It’s a sobering reminder of the fragility of life and despite the fire and a satisfying dinner, we find it hard to get warm. Even in the tent sleep eludes me for some hours, the cold, and worrying about my Dad makes for a restless night.

Crossing the divide at Wilson Pass. Photo: Pat Barrett

Our final dawn in the hills arrives with a cracking frost and a renewed urgency to make the road today. Fr Antoine’s boots are frozen and he is having difficulty fitting them. “Give them here Father,” I offer. He watches, dumbstruck, as I promptly jump on them and hand them back. My brutal treatment works and they slide on. “Ah, good!” he sighs. “It’s not often you get to jump on a priest’s shoes,” I quip with a smirk.

Down valley we have some easy bush-bashing to make our way along an overgrown game trail to avoid a small gorge. It takes us high above the river before we descend to traverse a rocky canyon with the spectacular light of early morning slanting in among the huge boulders, spray and pools.
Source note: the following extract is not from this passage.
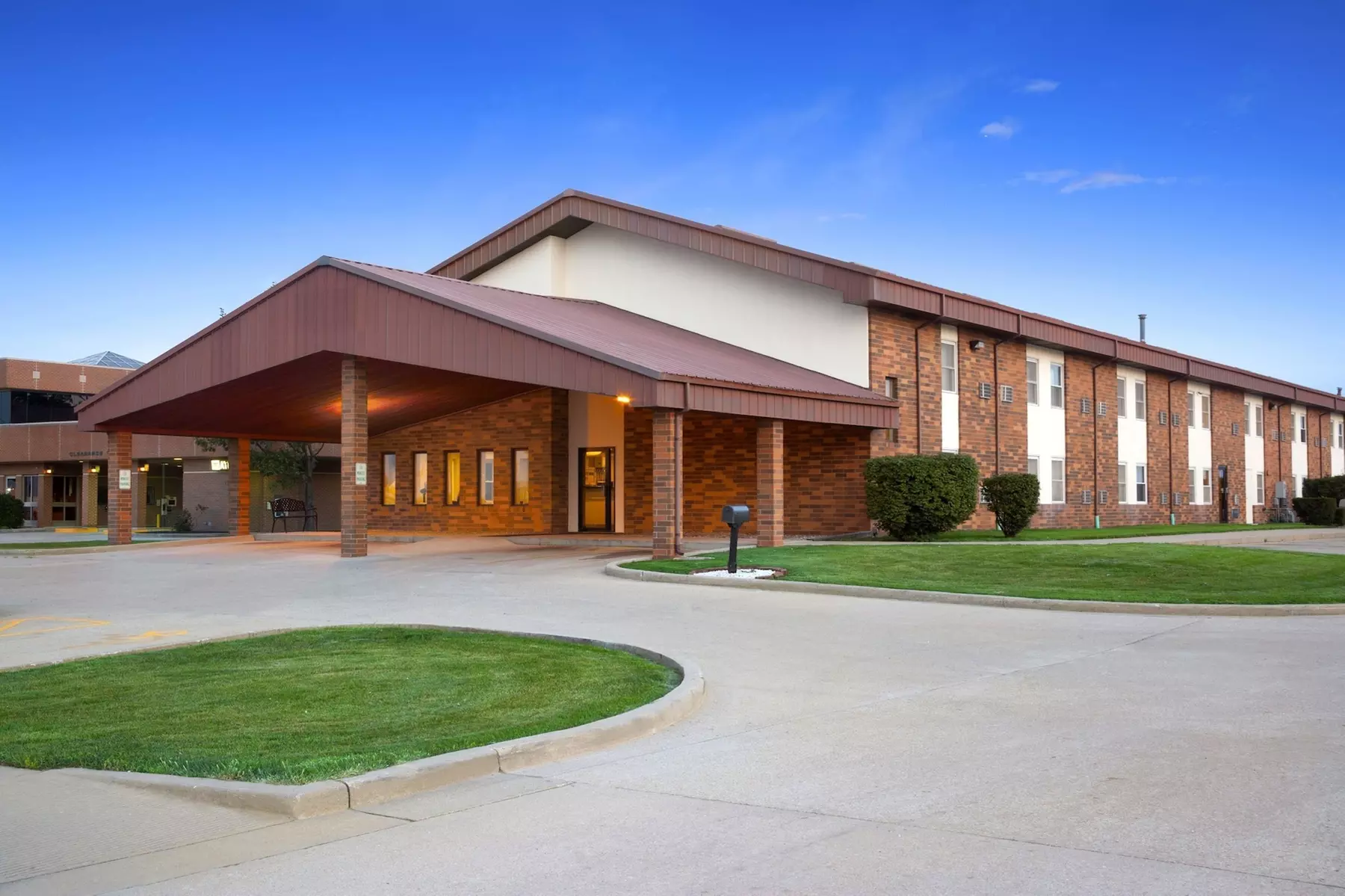 Super 8 by Wyndham Tuscola - Primary Image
With the last of the gorge travel behind us, we forge down the valley mid-section to Wills Hut, set on spacious river flats, for lunch and a quick radio call to check on my father. There’s no news to report and with a little time on our side we enjoy a longer than usual break.

Downstream the route crosses more flats with views to the valley head until the narrow gorge that drains the valley is gained. Here a sidle track begins and continues to the Haast Highway. The track is easy to follow, but testing, as it makes a tortuous path in and out of side streams, over slips, small rock faces, a vertical steel ladder, blown-out creek beds, and finally a large boulder-slip face at the Gates of Haast Bridge.

I’m ready for the track’s end by now, having gone on ahead to hitch a ride and fetch the car. Barely do I step onto the bitumen and a ride is offered. On my return, Mike, Bryce, and Fr Antoine are climbing up from under the bridge where the Haast River surges past, late sunlight is flooding the valley and there are huge grins on their faces.

“Now, I am a real New Zealand tramper!” Fr Antoine enthuses. He’s right, but the apprenticeship has only just begun.